Les filles subissent davantage d’impacts de l’anxiété de performance que les garçons

MONTRÉAL — L’anxiété de performance a davantage d’impacts sur les filles que sur les garçons, particulièrement sur leur motivation et leurs résultats en mathématiques, conclut une étude menée par des chercheuses de différentes universités québécoises. 

Parue dans la revue «Contemporary Educational Psychology», l’étude a sondé 478 élèves de la région de Joliette, dans Lanaudière, et de Saint-Hyacinthe, en Montérégie, et s’est intéressée à leur anxiété lors de leur passage de la sixième année à la première secondaire. 

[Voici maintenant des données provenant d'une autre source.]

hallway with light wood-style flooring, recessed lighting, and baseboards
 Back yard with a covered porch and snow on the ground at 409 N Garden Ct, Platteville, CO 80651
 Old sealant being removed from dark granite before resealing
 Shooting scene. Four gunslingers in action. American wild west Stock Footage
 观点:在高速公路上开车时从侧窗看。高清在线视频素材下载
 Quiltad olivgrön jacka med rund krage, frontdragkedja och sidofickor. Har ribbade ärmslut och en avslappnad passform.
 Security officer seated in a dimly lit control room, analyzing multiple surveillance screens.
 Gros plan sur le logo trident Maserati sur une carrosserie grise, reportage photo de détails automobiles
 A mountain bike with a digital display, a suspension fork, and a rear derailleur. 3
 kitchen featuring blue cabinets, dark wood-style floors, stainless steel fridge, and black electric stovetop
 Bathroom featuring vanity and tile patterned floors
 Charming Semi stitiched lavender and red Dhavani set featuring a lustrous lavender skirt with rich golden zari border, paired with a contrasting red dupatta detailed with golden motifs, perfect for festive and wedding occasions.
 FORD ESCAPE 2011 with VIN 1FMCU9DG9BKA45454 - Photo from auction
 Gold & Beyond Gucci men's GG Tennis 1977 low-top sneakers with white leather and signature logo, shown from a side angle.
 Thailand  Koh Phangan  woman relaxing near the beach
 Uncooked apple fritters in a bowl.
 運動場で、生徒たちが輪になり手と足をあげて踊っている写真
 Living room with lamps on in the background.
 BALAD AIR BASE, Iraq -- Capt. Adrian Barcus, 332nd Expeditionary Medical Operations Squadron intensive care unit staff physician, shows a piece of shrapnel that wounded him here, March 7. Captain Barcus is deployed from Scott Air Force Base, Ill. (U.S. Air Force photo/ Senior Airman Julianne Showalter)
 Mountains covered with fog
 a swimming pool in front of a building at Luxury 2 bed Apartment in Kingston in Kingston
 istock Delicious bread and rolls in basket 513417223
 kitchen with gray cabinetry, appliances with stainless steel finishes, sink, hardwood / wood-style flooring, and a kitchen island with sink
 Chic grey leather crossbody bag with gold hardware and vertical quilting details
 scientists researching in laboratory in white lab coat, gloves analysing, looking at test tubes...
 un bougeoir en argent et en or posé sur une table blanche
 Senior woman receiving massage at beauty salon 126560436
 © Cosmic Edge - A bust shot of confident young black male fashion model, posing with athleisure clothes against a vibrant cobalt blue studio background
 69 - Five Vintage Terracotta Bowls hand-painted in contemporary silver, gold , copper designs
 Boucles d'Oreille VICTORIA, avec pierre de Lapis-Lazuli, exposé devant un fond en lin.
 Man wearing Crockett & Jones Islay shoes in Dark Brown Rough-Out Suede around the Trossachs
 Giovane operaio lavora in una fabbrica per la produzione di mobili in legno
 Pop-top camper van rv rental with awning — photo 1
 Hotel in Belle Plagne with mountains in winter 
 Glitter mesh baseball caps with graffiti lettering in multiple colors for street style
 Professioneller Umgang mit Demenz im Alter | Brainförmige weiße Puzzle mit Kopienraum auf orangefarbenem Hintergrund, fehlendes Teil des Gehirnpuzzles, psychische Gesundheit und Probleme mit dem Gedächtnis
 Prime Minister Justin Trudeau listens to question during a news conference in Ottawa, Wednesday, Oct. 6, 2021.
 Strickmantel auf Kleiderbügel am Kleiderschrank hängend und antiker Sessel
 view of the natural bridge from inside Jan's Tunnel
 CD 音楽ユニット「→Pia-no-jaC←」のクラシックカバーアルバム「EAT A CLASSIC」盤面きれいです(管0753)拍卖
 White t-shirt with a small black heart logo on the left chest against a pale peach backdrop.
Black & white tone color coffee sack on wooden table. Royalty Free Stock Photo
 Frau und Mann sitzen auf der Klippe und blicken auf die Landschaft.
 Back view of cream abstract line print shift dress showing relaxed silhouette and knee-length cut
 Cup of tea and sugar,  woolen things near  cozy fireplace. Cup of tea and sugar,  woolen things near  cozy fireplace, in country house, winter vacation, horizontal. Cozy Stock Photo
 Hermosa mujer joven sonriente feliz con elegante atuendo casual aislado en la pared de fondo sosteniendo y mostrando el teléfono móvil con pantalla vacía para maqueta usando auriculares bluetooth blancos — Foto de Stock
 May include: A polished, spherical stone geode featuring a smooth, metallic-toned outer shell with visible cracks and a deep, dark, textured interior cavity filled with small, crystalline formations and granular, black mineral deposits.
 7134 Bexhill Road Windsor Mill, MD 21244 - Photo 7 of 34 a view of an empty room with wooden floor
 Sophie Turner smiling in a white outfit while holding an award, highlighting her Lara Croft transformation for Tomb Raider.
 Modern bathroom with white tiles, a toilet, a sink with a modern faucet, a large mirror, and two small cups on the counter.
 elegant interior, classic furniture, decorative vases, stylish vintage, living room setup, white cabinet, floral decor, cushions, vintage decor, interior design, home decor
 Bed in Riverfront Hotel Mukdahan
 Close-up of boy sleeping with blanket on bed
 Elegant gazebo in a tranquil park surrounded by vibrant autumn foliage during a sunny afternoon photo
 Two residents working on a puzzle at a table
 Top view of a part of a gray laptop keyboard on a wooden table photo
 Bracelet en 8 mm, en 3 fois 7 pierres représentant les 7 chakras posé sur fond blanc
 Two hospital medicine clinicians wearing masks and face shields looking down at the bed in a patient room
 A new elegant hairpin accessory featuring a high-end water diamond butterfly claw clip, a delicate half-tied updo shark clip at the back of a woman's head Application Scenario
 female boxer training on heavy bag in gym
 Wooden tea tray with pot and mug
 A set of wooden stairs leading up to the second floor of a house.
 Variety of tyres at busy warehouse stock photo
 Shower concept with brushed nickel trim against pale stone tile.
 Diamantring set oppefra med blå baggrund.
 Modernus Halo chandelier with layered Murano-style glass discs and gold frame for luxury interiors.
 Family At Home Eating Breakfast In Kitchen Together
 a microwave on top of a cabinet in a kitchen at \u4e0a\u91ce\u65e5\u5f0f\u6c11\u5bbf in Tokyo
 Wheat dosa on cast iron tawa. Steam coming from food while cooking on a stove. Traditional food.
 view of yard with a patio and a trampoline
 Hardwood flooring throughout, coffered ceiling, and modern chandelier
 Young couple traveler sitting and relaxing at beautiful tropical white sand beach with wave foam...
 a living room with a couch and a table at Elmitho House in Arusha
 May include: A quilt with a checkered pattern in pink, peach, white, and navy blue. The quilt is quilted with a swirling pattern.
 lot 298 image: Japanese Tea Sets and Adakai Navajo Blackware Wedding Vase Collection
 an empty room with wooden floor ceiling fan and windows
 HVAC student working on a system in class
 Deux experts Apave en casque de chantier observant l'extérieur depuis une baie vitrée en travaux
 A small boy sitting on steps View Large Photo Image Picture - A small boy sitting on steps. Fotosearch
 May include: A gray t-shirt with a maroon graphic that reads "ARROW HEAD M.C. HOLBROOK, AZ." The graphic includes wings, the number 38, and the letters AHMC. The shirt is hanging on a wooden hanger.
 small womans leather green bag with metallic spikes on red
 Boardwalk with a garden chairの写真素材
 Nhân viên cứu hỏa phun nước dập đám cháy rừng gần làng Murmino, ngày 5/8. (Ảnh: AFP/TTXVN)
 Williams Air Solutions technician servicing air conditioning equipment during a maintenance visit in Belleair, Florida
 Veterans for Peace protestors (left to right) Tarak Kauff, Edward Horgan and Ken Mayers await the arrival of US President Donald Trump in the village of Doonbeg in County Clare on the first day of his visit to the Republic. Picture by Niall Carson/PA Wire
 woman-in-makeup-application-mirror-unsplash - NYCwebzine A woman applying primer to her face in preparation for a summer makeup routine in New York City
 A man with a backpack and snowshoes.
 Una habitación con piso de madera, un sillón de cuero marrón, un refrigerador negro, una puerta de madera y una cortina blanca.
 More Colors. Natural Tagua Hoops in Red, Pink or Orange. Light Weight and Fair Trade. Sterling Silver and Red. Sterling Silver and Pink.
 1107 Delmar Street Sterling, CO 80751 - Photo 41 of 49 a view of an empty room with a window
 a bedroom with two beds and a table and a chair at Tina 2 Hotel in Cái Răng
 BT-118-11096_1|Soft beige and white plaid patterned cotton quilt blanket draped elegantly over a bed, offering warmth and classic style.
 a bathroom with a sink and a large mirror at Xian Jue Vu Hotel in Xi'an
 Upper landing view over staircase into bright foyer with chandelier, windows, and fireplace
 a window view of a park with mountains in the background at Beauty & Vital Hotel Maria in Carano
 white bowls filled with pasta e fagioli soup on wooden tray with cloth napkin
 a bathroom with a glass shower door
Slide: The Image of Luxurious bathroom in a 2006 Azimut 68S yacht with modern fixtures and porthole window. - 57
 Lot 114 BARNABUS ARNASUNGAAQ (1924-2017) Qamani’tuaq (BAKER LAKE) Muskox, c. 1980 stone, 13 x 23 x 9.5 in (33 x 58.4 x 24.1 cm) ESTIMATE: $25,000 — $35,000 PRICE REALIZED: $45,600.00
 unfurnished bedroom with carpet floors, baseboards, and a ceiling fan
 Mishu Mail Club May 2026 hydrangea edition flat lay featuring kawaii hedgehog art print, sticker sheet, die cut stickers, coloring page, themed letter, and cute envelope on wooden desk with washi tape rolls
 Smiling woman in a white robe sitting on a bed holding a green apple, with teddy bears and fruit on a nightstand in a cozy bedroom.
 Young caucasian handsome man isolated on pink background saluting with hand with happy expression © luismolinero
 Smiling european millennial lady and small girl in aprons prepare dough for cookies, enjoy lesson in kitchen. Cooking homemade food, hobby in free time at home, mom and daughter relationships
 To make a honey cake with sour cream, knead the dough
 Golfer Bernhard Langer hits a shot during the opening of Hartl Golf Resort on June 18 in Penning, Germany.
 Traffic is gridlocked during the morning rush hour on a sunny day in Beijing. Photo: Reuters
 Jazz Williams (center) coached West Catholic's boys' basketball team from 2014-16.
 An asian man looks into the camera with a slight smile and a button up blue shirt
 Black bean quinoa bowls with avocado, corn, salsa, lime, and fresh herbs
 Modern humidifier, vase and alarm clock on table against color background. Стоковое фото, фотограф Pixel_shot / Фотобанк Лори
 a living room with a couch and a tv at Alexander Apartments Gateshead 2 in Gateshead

Les élèves ont été interrogés à trois moments : au printemps 2018, à la fin de leur sixième année du primaire, au début de leur première année au secondaire, et à la fin de celle-ci. L’étude a obtenu un taux de 82% de participation lors des trois étapes. 

«Les filles manifestent plus d’anxiété de performance que les garçons, ça, c’est quelque chose qui n’était pas surprenant. On sait que les filles ont tendance à avoir plus d’anxiété, plus de troubles anxieux», souligne Isabelle Plante, professeure au département de didactique de l’Université du Québec à Montréal (UQAM), qui a participé à l’étude. 

«Ce qui était un peu plus surprenant, c’est qu’à taux égal, ce qu’on observe, c’est que les filles semblent en souffrir davantage, ajoute-t-elle. Ça influence, ou c’est lié à leur motivation et à leur réussite ultérieure.»

Le fait que l’anxiété de performance des filles soit exacerbée dans le domaine des mathématiques n’a toutefois pas étonné Mme Plante. 

«On sait que l’anxiété, le stress, va davantage affecter les tâches mathématiques, et on pense que c’est (en raison du) type de contenu qui est évalué, très souvent (qui) recrute beaucoup la mémoire de travail. C’est une fonction cognitive qui est particulièrement affectée par le stress et l’anxiété», explique la professeure. 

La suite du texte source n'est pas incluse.